It was Monday September 27th, 1993 and I was not even a month into my Junior year of High School. This day started out like most others, and as my Mother was dropping me off for school, one of the Secretaries came running out of the Administration building to eagerly greet me.
While in my Sophmore year I took a Computers elective class that was that was normally only available to Junior and Senior students, but because it was the last year they were offering it, I was able to enroll. This class was at the tail end of the 8-bit Apple computer era in schools, we had a bunch of Apple IIe, and some Apple IIgs computers. The teacher had successfully lobbied to purchase an IBM clone computer, it was a 386DX-25 with a VGA monitor, a pretty nice machine for the day.
I scored highly in the Computers class, probably the best grade I ever got in High School — I think my GPA averaged about 2 over the 4 years. High School was a difficult time for me because I was a teenager trying to find a niche and I never enjoyed subjects such as English. I do not like to read fiction, most of my reading has been non-fiction and technical books. I also did not like homework, and when 30-40% of your grade is based on homework, it’s hard to get good grades even if you score perfectly during in-class assignments or tests.
Anyway, apparently I had gained a reputation while a student in the Computers class and the school administration sought me out when their Novell server crashed. The story about the crash may or may not have had something to do with the Janitorial staff and the computer falling off the shelf it was sitting on.
The hard disk drive had been recently replaced by a parent who also ran a computer consulting business, but when the HDD crashed they were unavailable. The secretaries saw me and called me into the office to see if I could do anything, they had also called another computer repair/consultant who arrived later. The HDD was a Conner Peripherals IDE drive, very common for the era, it had been mounted upside down in a desktop AT case with 1 screw holding it in. Definitely not the quality you’d expect from someone who runs a consulting business, but common for “free” work done for schools on the side.
The other consultant showed up and left once it was clear there was no new replacement drive available, no “emergency funding” to acquire one that day, and a 16 year old High School kid looking over your shoulder. The disk drive was probably a $100-200 part back then, to acquire a new one you’d have to drive to Fry’s Electronics and in good traffic it would have been a 3 hour round trip.

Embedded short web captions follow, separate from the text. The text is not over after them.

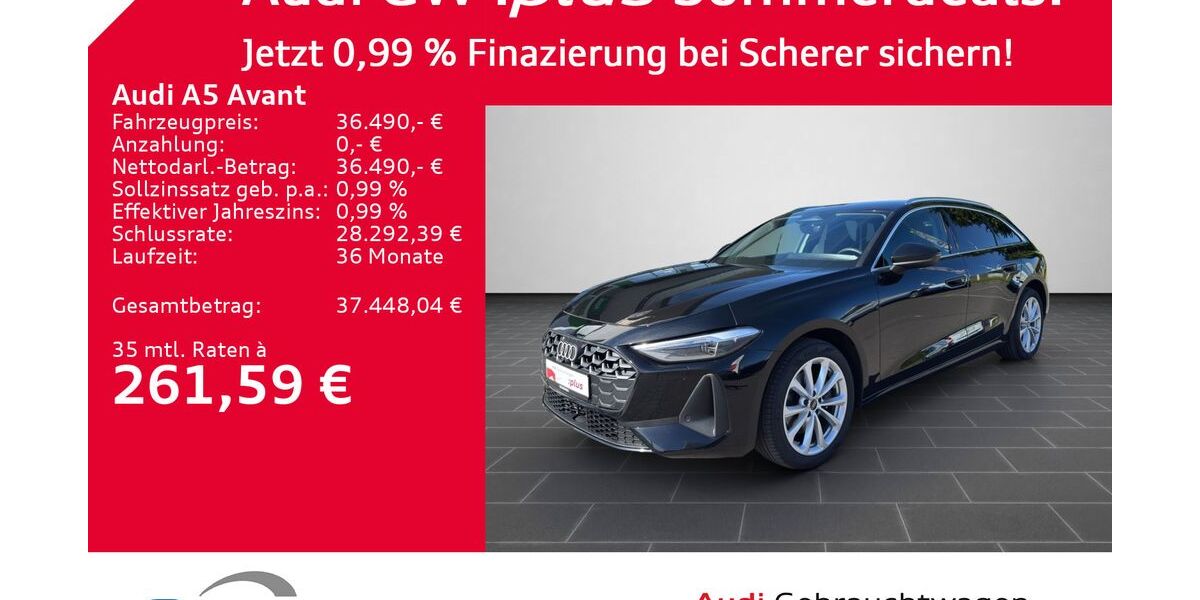 Audi A5 29.922 km 36.490 &euro; Simmern 55469
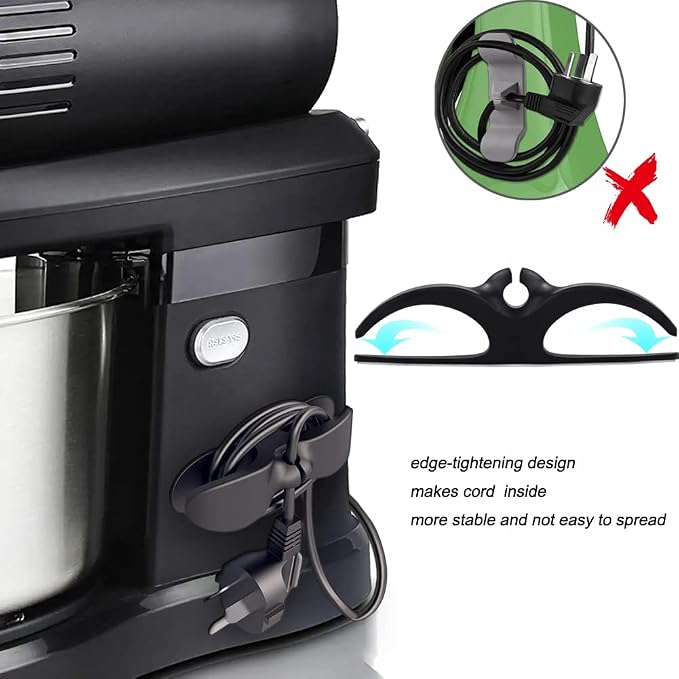 SisBroo Cord Organizer for Appliances, Cord Holder Cord Wrapper for Appliances - Image 5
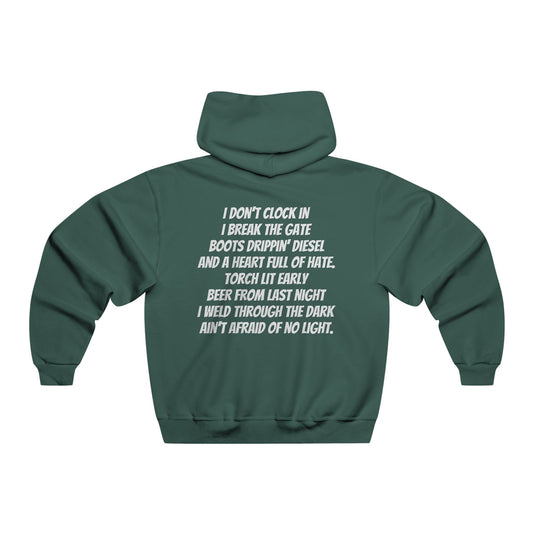 Oilfield Trash “Bite Me” Skull Hoodie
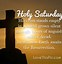 Image result for Easter Saturday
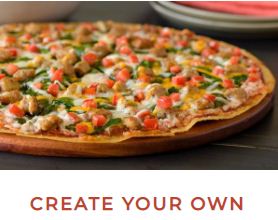 Papa Murphy create your own pizza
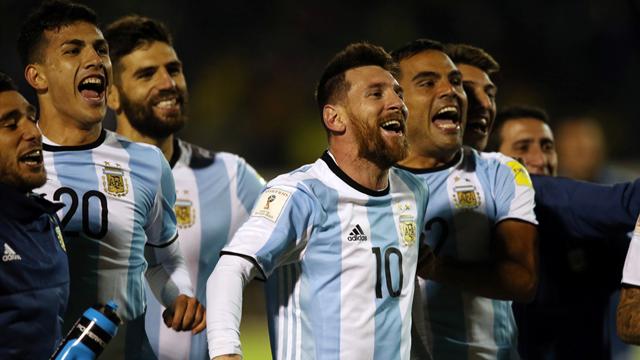 Messi hits hat-trick to see Argentina through to World Cup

Fortunately they had the old 71MB drive still and they had nightly tape backups that had run before the crash! I set about getting the old drive installed and running, then later restoring the most recent backups. They were working with the old data initially but in a day or 2 they had the most recently available backup data.
I read stories today about High School aged kids that are doing amazing things that blow my mind. The fact that they are so advanced at that age today makes me feel antique.
But then I think back to my time at that age and how we were learning and metaphorically bringing the darkness into light. The Internet was still capitalized and the way people connected and exchanged electronic information was via modems. The fastest modem I had available to me was 9600bps, today the minimum requirement the FCC calls Broadband is 25Mbps — that’s even a stretch for many rural areas of the country.
For those of you who don’t natively understand bits and bytes, it takes 1Mbps to stream mediocre quality HD video (1280×720), it takes about 7Mbps to stream high quality 1080p video, and close to 20Mbps for 4K video. 9600bps isn’t even enough to stream poor quality music, it’s about enough to have a poor quality phone conversation.
So, while I am very impressed with the achievements of today’s youth, I have to remind myself that they have the advantage of growing up with Google and having easy access to modern technologies. I won’t disparage my memories of my youth because we were literally bringing light to the dark ages and forming the foundations for the technologies today’s youth take for granted. I don’t want to be misunderstood, we weren’t any better than today’s youth, they are simply starting from a point that took us a very long time to reach — like a relay race for technology.